TWO Contents Title Page Magic Time BY W. P. KINSELLA Copyright The Friday Project An imprint of HarperCollins Publishers Ltd 77–85 Fulham Palace Road Hammersmith, London W6 8JB www.harpercollins.co.uk This ebook first published in Great Britain by HarperCollins Publishers Ltd 2014 Copyright © W. P. Kinsella 2001 Cover design © HarperCollins Publishers Ltd 2014 W. P. Kinsella asserts the moral right to be identified as the author of this work. FIRST EDITION A catalogue copy of this book is available from the British Library. This novel is entirely a work of fiction. The names, characters and incidents portrayed in it are the work of the author’s imagination. Any resemblance to actual persons, living or dead, events or localities is entirely coincidental. All rights reserved under International and Pan-American Copyright Conventions. By payment of the required fees, you have been granted the non-exclusive, non-transferable right to access and read the text of this e-book on screen. No part of this text may be reproduced, transmitted, downloaded, decompiled, reverse engineered, or stored in or introduced into any information storage and retrieval system, in any form or by any means, whether electronic or mechanical, now known or hereinafter invented, without the express written permission of HarperCollins. Source ISBN: 9780007497577 Ebook Edition © July 2014 ISBN: 9780007497584 Version 2014-07-31 Prologue 1: Judging Distances ONE TWO THREE FOUR FIVE 2: One Road Runs Straight SIX SEVEN EIGHT NINE TEN 3: Fred Noonan’s Town ELEVEN TWELVE THIRTEEN FOURTEEN FIFTEEN SIXTEEN 4: Barry McMartin SEVENTEEN EIGHTEEN 5: Safe at Home NINETEEN TWENTY TWENTY-ONE TWENTY-TWO TWENTY-THREE 6: Magic Time TWENTY-FOUR TWENTY-FIVE TWENTY-SIX TWENTY-SEVEN Also by the W.P. Kinsella About the Publisher
I was in my second year of high school the day a Cadillac the color of thick, rich cream pulled up in front of Mrs. Grover’s Springtime Café and Ice Cream Parlor. Our main street was paved but narrow, with six feet of gravel between the edge of the pavement and the sidewalk. Dust from the gravel whooshed past the car and oozed through the screen door of the café.
Byron and I were seated at a glass-topped table, our feet hooked on the insect-legged chairs. We were sharing a dish of vanilla ice cream, savoring each bite, trying to make it outlast the heat of high July.
It was easy to tell the Cadillac owner was a man who cared about his car. He checked his rear view carefully before opening the driver’s door. After he got out – ‘unwound’ would be a better description, for he was six foot five if he was an inch – he closed the door gently but firmly, then wiped something off the side-view mirror with his thumb. On the way around the Caddy, he picked something off the grille and flicked it onto the road.
He took a seat in a corner of the café where he could watch his car and everyone else in the café which was me, Byron, and Mrs.

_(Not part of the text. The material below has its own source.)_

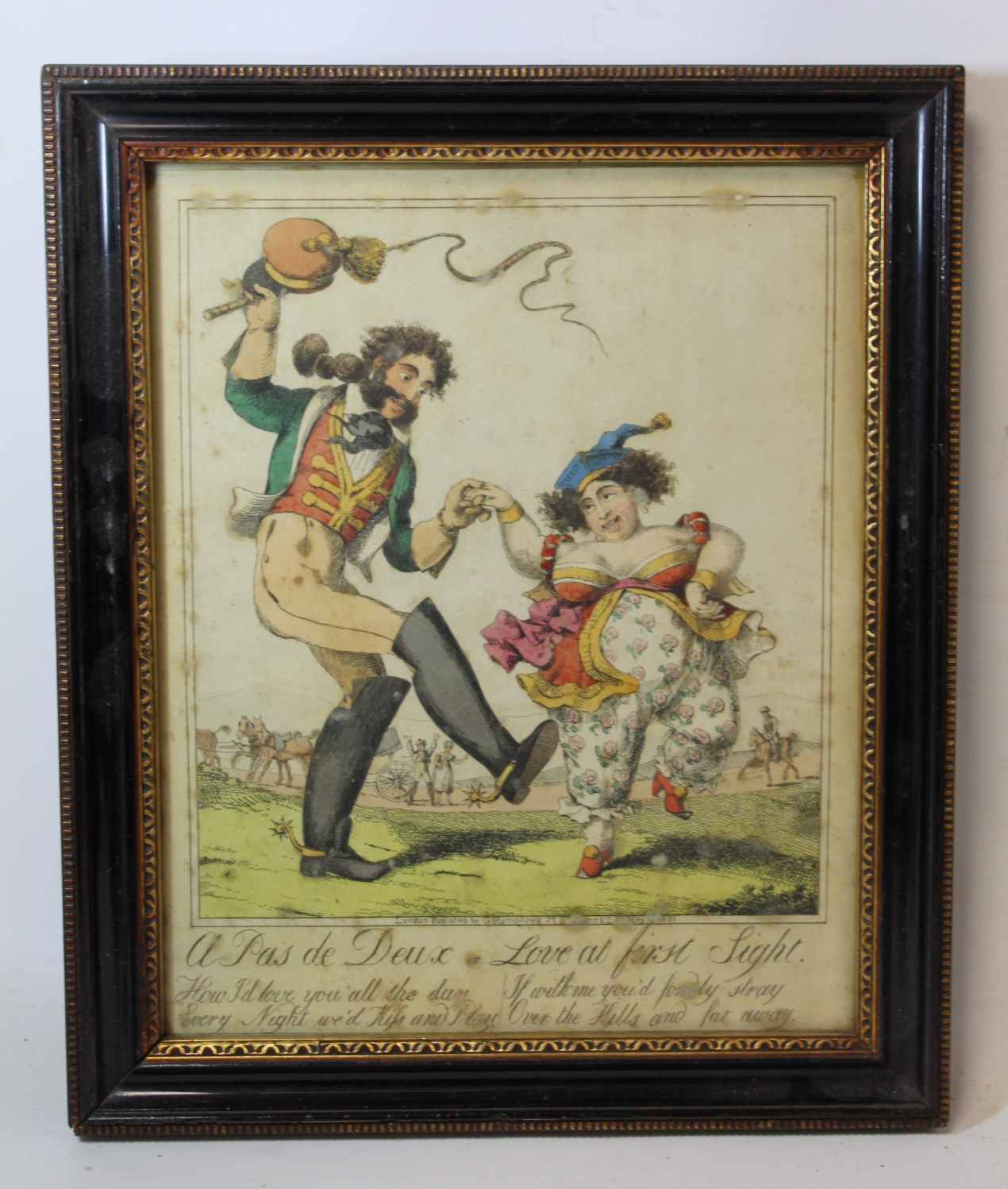 Two early 19th century hand coloured engravings - "A Pas de Deux or Love at First Sight" (Bartolomea - Image 3 of 7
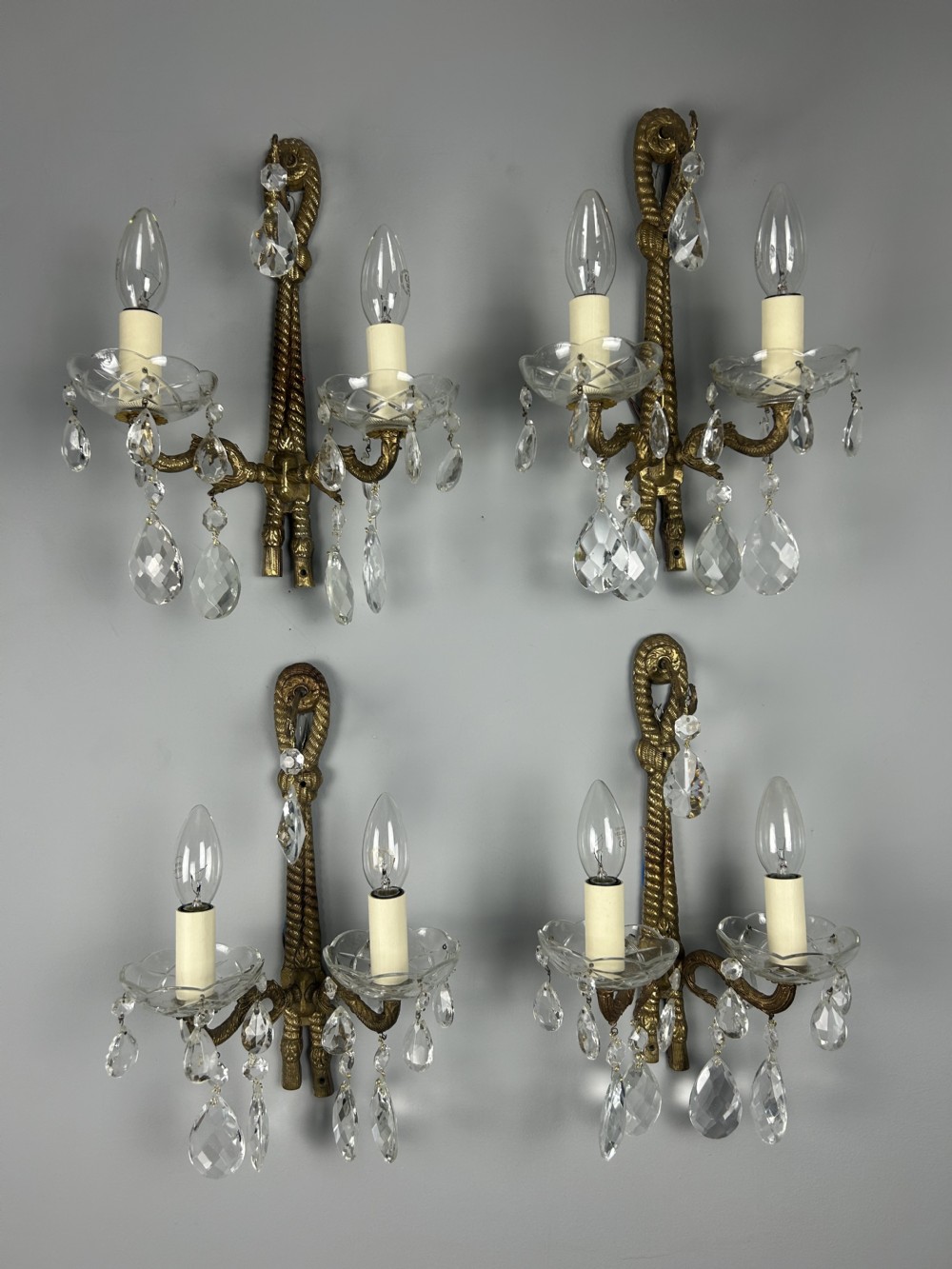 Set Of 4 French Antique Wall Lights With Crystals  View XI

Grover.
The stranger looked to be in his mid-thirties. He had rusty hair combed into a high pompadour that accentuated his tall front teeth and made his face look longer than it really was. Across his upper lip was a wide coppery-red mustache with the corners turned up and waxed, the kind worn by 1890s baseball players.

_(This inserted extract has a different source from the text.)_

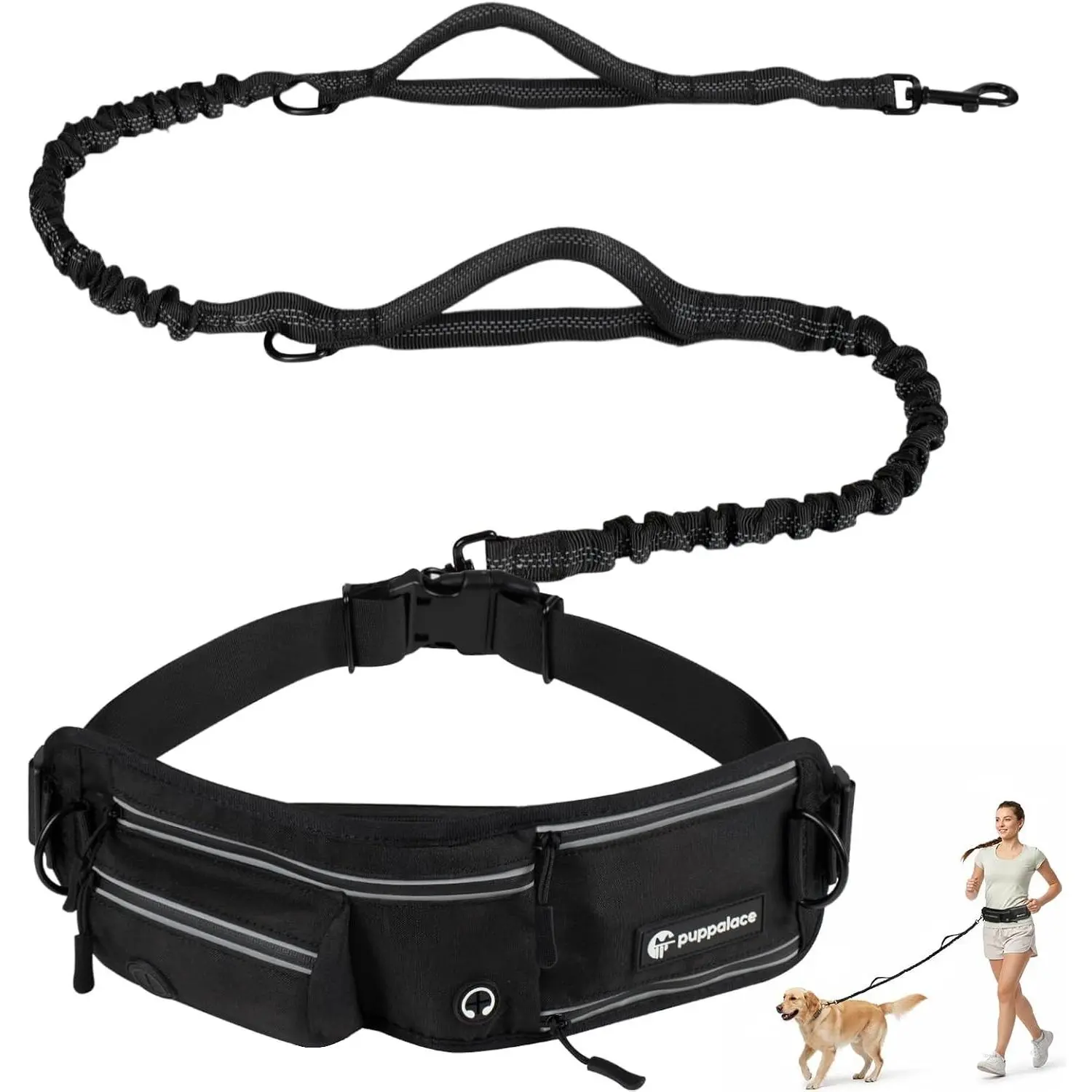 Hands Free Dog Leash with Waist Pack Bungee for Running Black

Though everything about him was expensive, down to the diamond ring on his left baby finger, he looked like the type who didn’t like to conform. I guessed he had grown his hair down past his shoulders when he was a teenager. His hair was now combed back, hiding the top half of his ears and the back of his collar. He was wearing a black suit with fine gray pinstripes, a white-on-white shirt, and shoes that must have cost three hundred dollars.